» Task to carry out:
Return each record verbatim, images excluded.

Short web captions
···
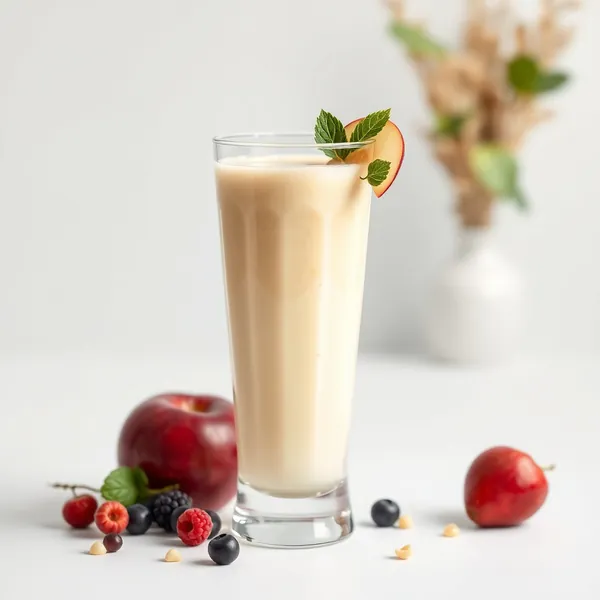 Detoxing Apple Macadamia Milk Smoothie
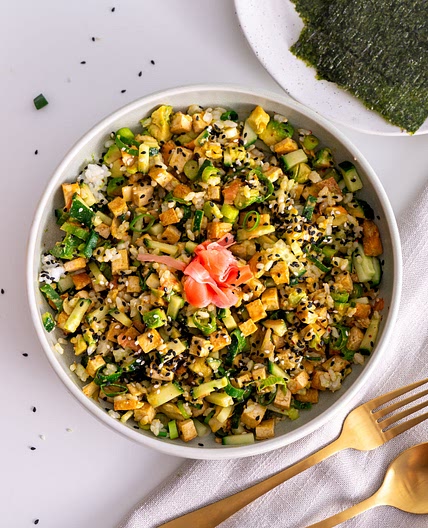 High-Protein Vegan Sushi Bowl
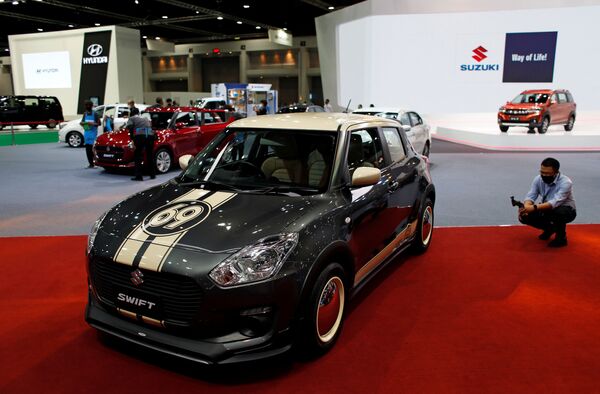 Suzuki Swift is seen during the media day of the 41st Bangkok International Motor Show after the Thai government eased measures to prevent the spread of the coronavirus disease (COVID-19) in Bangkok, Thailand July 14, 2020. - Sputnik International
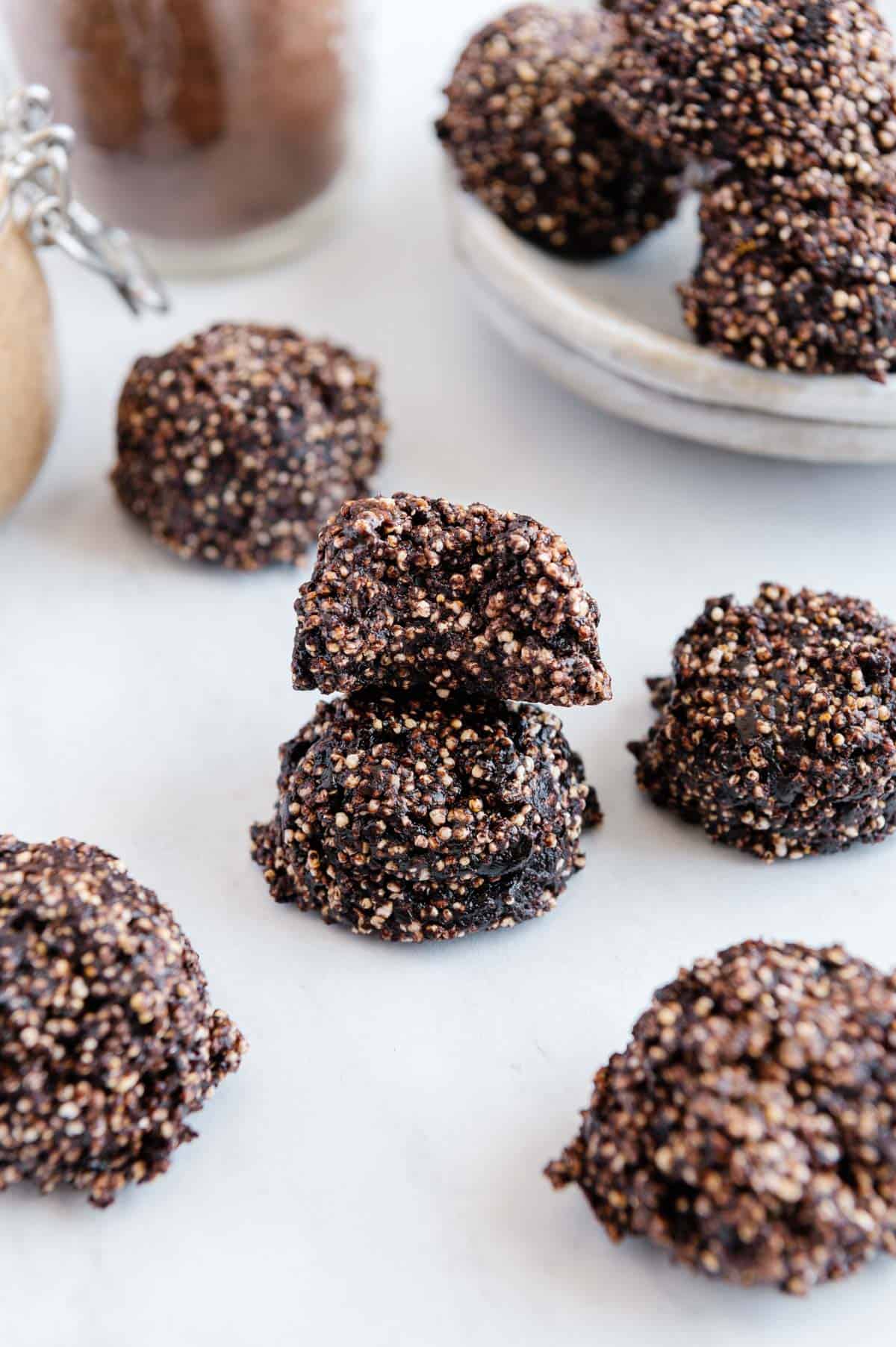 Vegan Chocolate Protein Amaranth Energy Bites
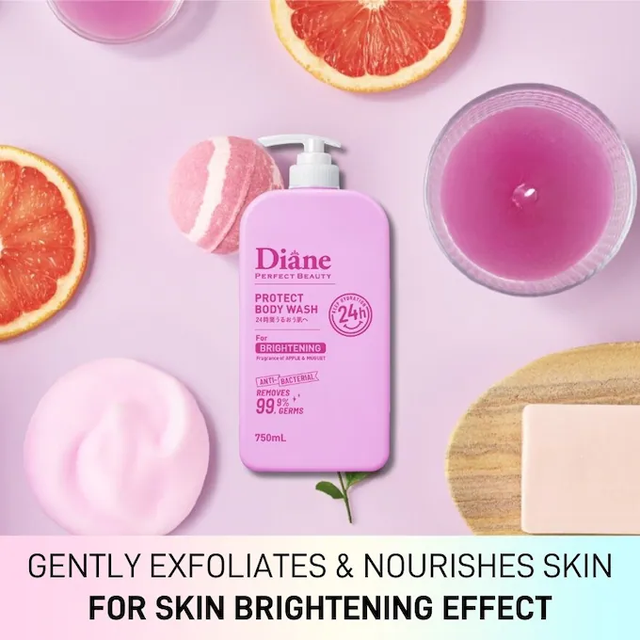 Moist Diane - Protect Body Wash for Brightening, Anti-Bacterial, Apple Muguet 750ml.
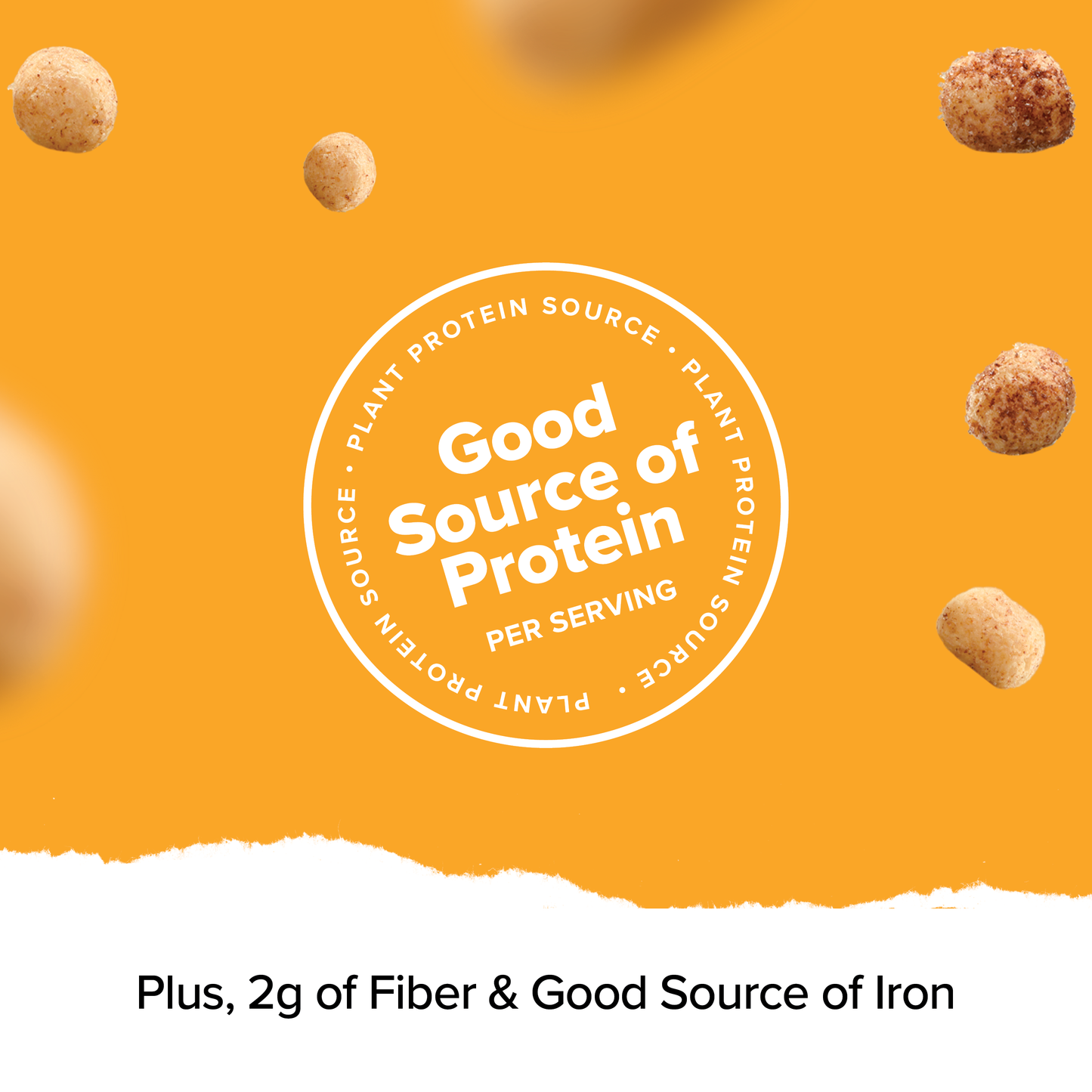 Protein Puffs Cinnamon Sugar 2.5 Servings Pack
···
» Response box:
 Detoxing Apple Macadamia Milk Smoothie
 High-Protein Vegan Sushi Bowl
 Suzuki Swift is seen during the media day of the 41st Bangkok International Motor Show after the Thai government eased measures to prevent the spread of the coronavirus disease (COVID-19) in Bangkok, Thailand July 14, 2020. - Sputnik International
 Vegan Chocolate Protein Amaranth Energy Bites
 Moist Diane - Protect Body Wash for Brightening, Anti-Bacterial, Apple Muguet 750ml.
 Protein Puffs Cinnamon Sugar 2.5 Servings Pack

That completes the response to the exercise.